Her self-titled debut blends rugged hip-hop beats, mesmerizing electro-pop hooks, and lush EDM textures. Her creative collaboration with producer wunderkind Justin Lassen has yielded a sound that’s Top 40-hooky and cleverly incisive. The woozy “Like A White Girl” mixes dreamy atmospherics, sultry vocalizing, and a supple beat for a hypnotic effect. Currently, this song appears on a compilation album alongside Pitbull, 50 Cent and Snoop that was distributed to 2500 gentlemen’s clubs around the country.
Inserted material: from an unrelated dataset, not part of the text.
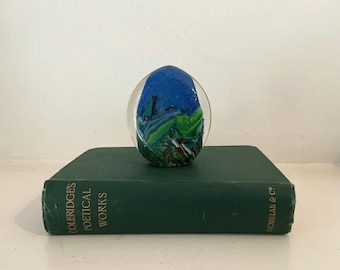 May include: An oval glass paperweight featuring a blue sky and landscape design. The paperweight rests on a dark green book. The book's spine displays the text "COLERIDGE'S POETICAL WORKS".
The ominous “Who I am” is a throw down with brazen lines like I ain’t Ke$ha, don’t call me that/ I don’t sound like a retard when I rap/& I ain’t Ashley Simpson, cuz I can sing/ & that real shit I know how to bring.
Her boldness has been hard fought. She’s taken her slice ‘em dice ‘em rhymes to the stage winning over finicky hip-hop crowds. Behind the scenes, she’s recorded her own vocals and edited her own videos. NMercer is also an accomplished musician, having cut her teeth professionally singing Etta James songs at corporate events and luxurious house parties. Her honeyed hooks and unique vocal harmonies exhibit the weight and richness of the blues’s melodic heritage.
NMercer grew up on an island called Vashon, accessible by ferry in the Puget Sound, near Seattle. She grew up listening to a refreshingly eclectic mix of music, including such artists as Alice in Chains, the Pharcyde, the Beastie Boys, Joan Osborne, the Doors, Björk, Easy E, NWA, and Too $hort.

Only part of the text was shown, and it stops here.